Australia’s neurology workforce is already inadequate and would need to grow by nearly double over the next decade to meet patient need without other measures, researchers say.
The ANZAN working party behind the finding says GPs will need to be trained to take on diagnosis and management of neurological conditions including epilepsy, migraine and FNDs to make up for the shortfall, even with a dramatic expansion in the number of working neurologists by 2034.
They also argue:
- Referral and care pathways will have to be overhauled to improve efficiency
- The number of specialist neurology nurses, nurse practitioners and administrative support staff need to grow substantially to assist neurologists in meeting demand
- Expand telehealth, particularly for rural and regional patients
As with other specialties, the problem is most critical in regional and rural Australia, currently home to 31% of the nation’s population but just 4% of its neurologists, according to the researchers.
Based on an average consult duration of 46.9 minutes for an initial encounter and 23.6 minutes for a review, the current national shortfall equated to 121,000 initial consults and 207,500 reviews, they reported in BMJ Neurology Open (link here).
On current trends, the workforce was projected to expand from 620 neurologists in 2020 to 896 in 2034.
Nevertheless, this would leave a capacity deficit exceeding 154,000 initial encounters and 110,000 reviews by 2034, the researchers wrote.
Increasing the total number of neurologists to 1200 by that time could theoretically eliminate the deficit in total review encounters, although a shortfall would still remain outside the major cities, they calculated.

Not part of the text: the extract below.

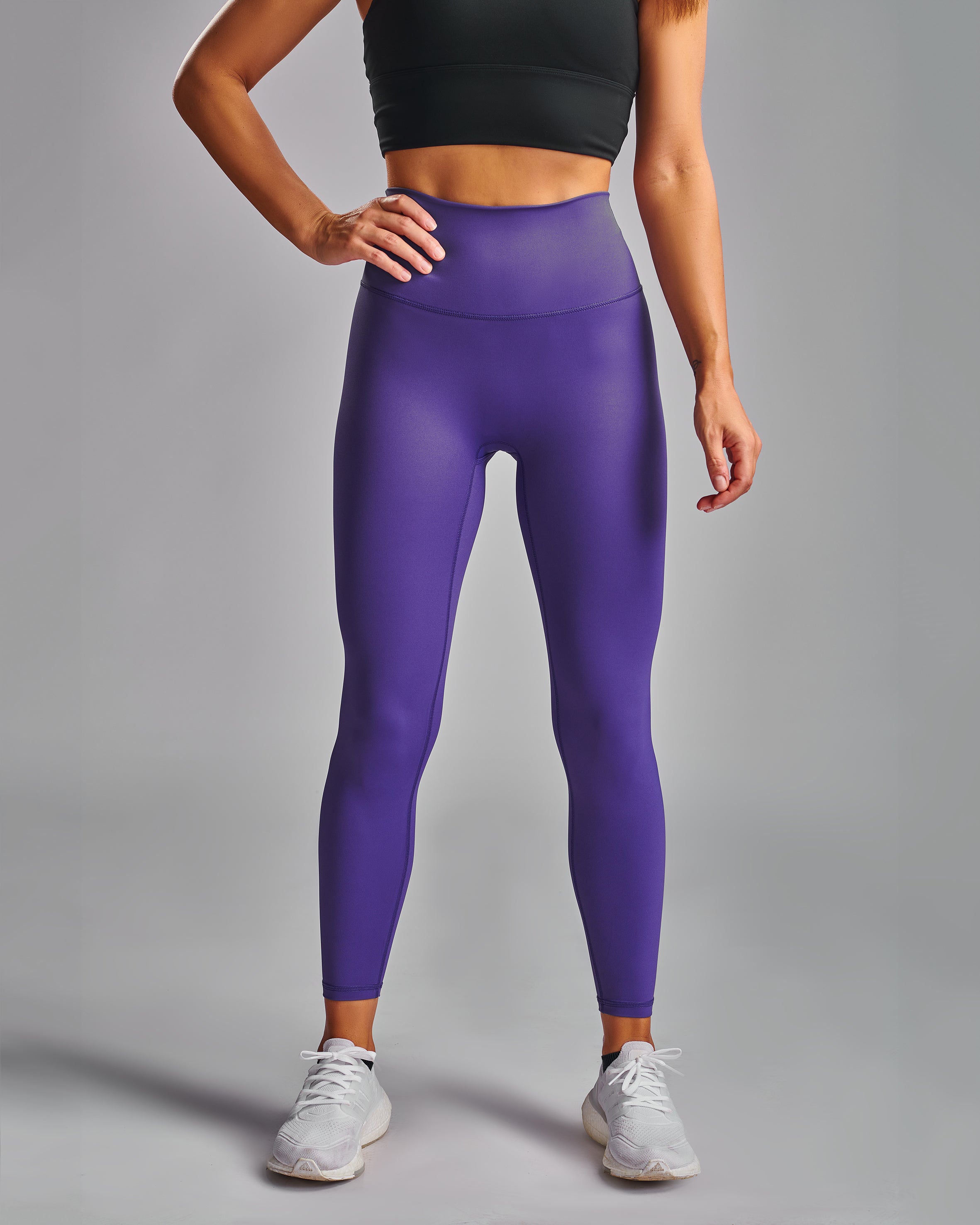 Ivivva By Lululemon Girls Leggings Size 14 Purple Floral Full Length  Activewear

“These results indicate that unless more holistic efforts (incorporating increases to the workforce alongside improvements in systems of care) to improve neurology care in Australia are undertaken, the shortfalls in the availability of neurology care in Australia are likely to persist,” the authors wrote.
“This gap can be mitigated by sustainable increases in neurological workforce, but this is likely insufficient alone.”
“Thus, while efforts to expand the workforce should be pursued, including investment in the neurology training programme and subsidy of more neurology positions, especially in regional Australia, this should be undertaken in concert with other initiatives.”
Additionally, efforts to address the regional deficits may require “focused interventions” such as recruitment and retention incentives, they added.
Conducted on behalf of ANZAN’s workforce committee, the study’s senior author was Professor Tomas Kalincik of the University of Melbourne and Royal Melbourne Hospital.